> WORK INSTRUCTIONS
Write out, without any change, the lines in the material below that run from the line with "Globe Ανδρικά Sneakers Λευκά GBGILL-20475" through the line with "Page 87 of 2-nen", both included.

> DATA
-=-=-=-=-

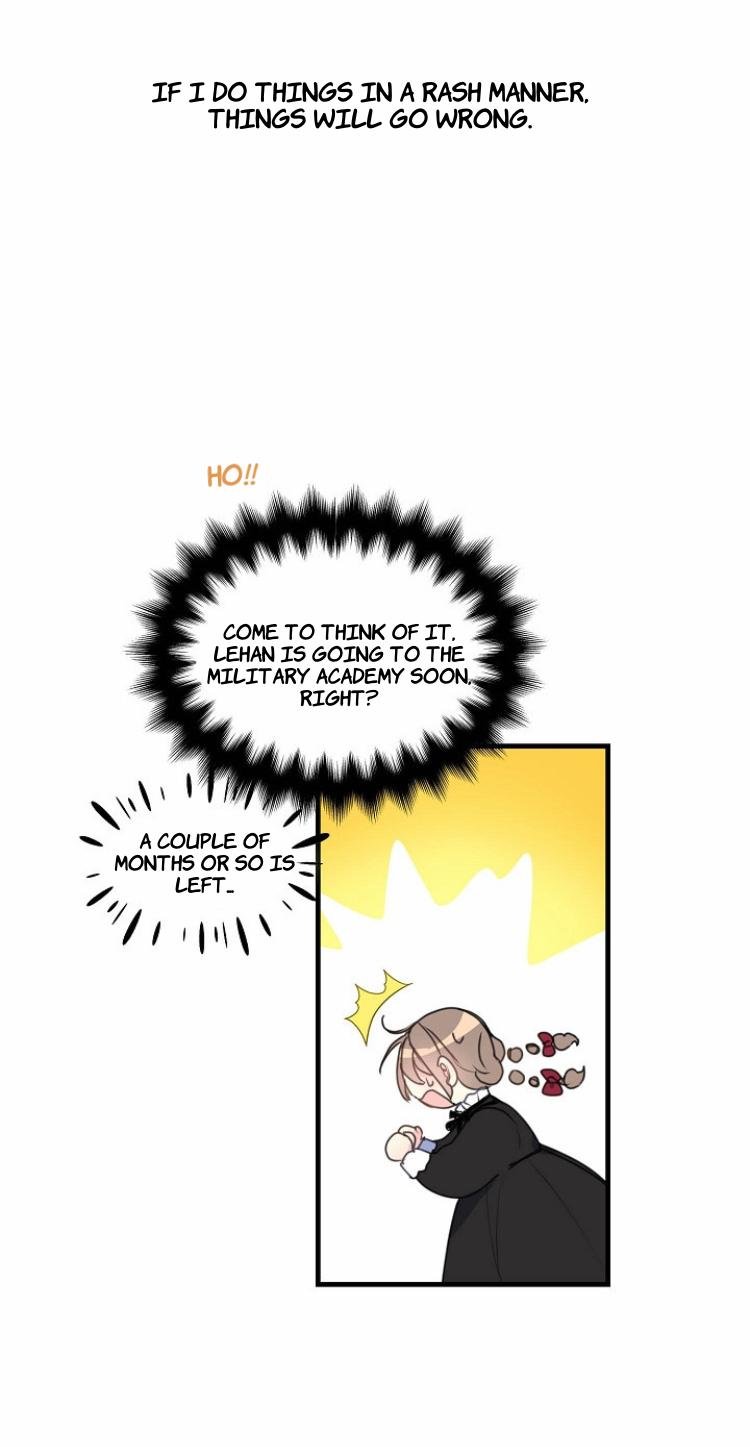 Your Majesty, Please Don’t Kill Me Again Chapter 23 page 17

-=-=-=-=-

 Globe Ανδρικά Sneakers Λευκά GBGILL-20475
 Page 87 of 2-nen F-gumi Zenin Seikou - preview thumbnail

-=-=-=-=-

> TASK OUTPUT
 Globe Ανδρικά Sneakers Λευκά GBGILL-20475
 Page 87 of 2-nen F-gumi Zenin Seikou - preview thumbnail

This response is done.